Yesterday, was a strong dollar day but it was also a euro weakness day as the euro recorded 12-year and 8-year lows versus the USD and GBP respectively. I think what we are seeing here is an emergence of the eurozone as a current account surplus trading bloc whose balances are offset by deficits in the UK and the US. Over the longer-term, these imbalances are not sustainable politically or economically.
The last numbers I saw out of the UK were from early February showing the UK deficit unexpectedly widening to a 4-year high. That makes the UK trade deficit the largest since the coalition government came to power, and helps put their re-election hopes in peril. What does the Bank of England do in the face of this persistent current account deficit? I don’t know but it is clear that the UK trade balance is hurting from a weak euro.

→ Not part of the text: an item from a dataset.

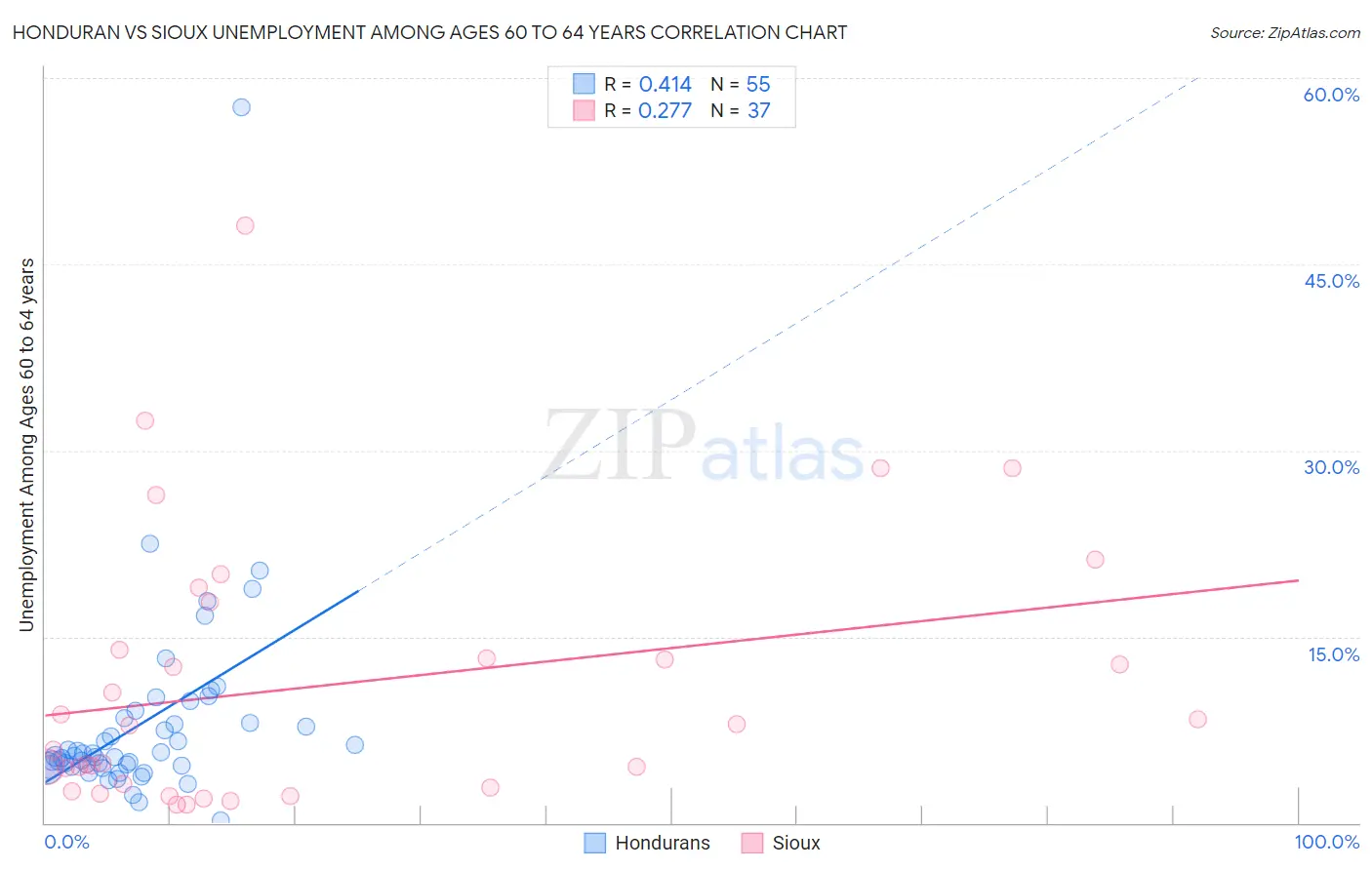 Honduran vs Sioux Unemployment Among Ages 60 to 64 years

The Wall Street Journal’s Real Time Economics blog has a good chart on the USD portion of this. It shows the U.S. non-oil trade flows in inflation adjusted terms.
What I see in this chart is a persistent wide current account deficit since 2000 that was closed during the Great Recession, but opened back up again afterwards. In the next cyclical downturn, we will definitely see this gap close and the result will be a sucking of demand out of the eurozone economy, particularly Germany, which is export-dependent. Unless Europe gets its institutional structures in order by that time, this is going to be a big problem because it will mean large government deficits that do not work in a Maastricht 3/60 context. And we will be right back in the kind of crisis we saw in 2010. Currency devaluations buy time, nothing more.
Meanwhile, the euro is through the 1.07 level and trading at 1.0622. Dollar – Euro parity is not a fantasy any more. It is just within reach.